Provided data
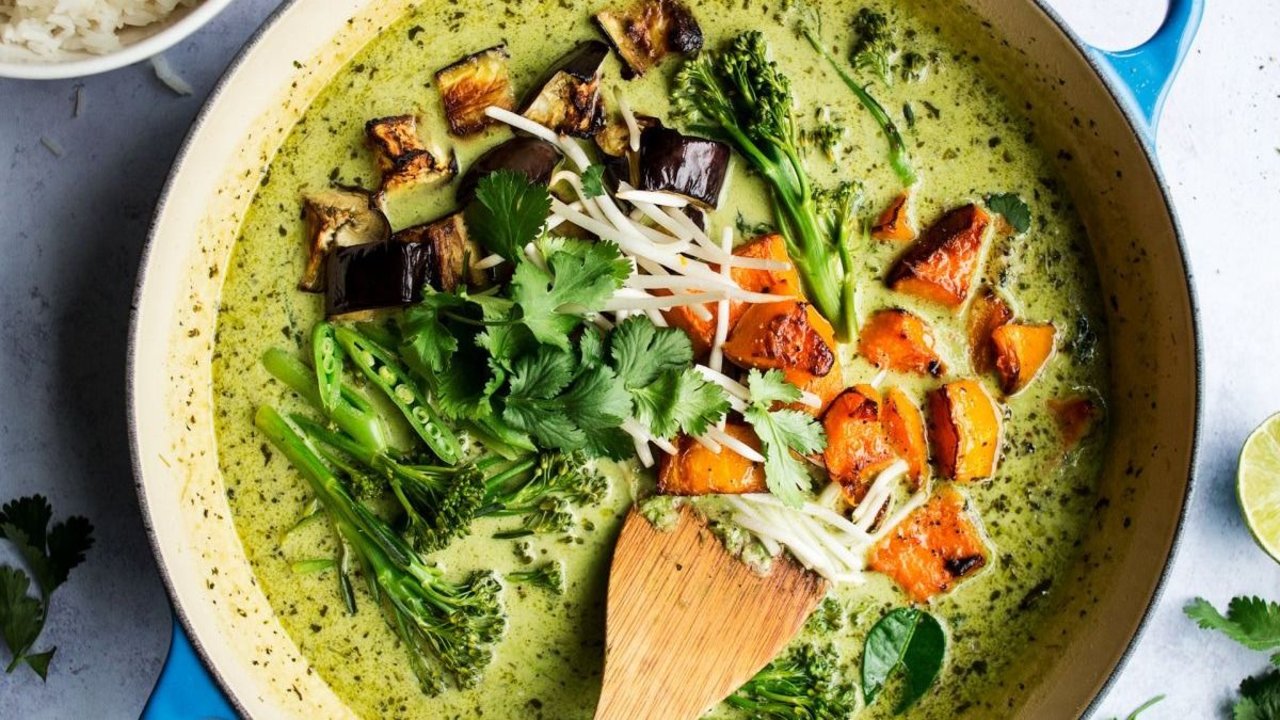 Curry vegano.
---
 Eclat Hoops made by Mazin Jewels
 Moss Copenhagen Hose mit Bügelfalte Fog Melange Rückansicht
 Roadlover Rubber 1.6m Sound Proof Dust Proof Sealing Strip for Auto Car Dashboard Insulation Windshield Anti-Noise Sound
* * *
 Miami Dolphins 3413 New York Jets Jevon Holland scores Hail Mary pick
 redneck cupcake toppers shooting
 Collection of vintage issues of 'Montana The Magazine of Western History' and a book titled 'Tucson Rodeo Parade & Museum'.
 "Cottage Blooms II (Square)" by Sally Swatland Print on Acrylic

Task item
Reproduce verbatim the lines above, from the line with "redneck cupcake toppers shooting" through the line with "Print on Acrylic".

Answer to the problem
 redneck cupcake toppers shooting
 Collection of vintage issues of 'Montana The Magazine of Western History' and a book titled 'Tucson Rodeo Parade & Museum'.
 "Cottage Blooms II (Square)" by Sally Swatland Print on Acrylic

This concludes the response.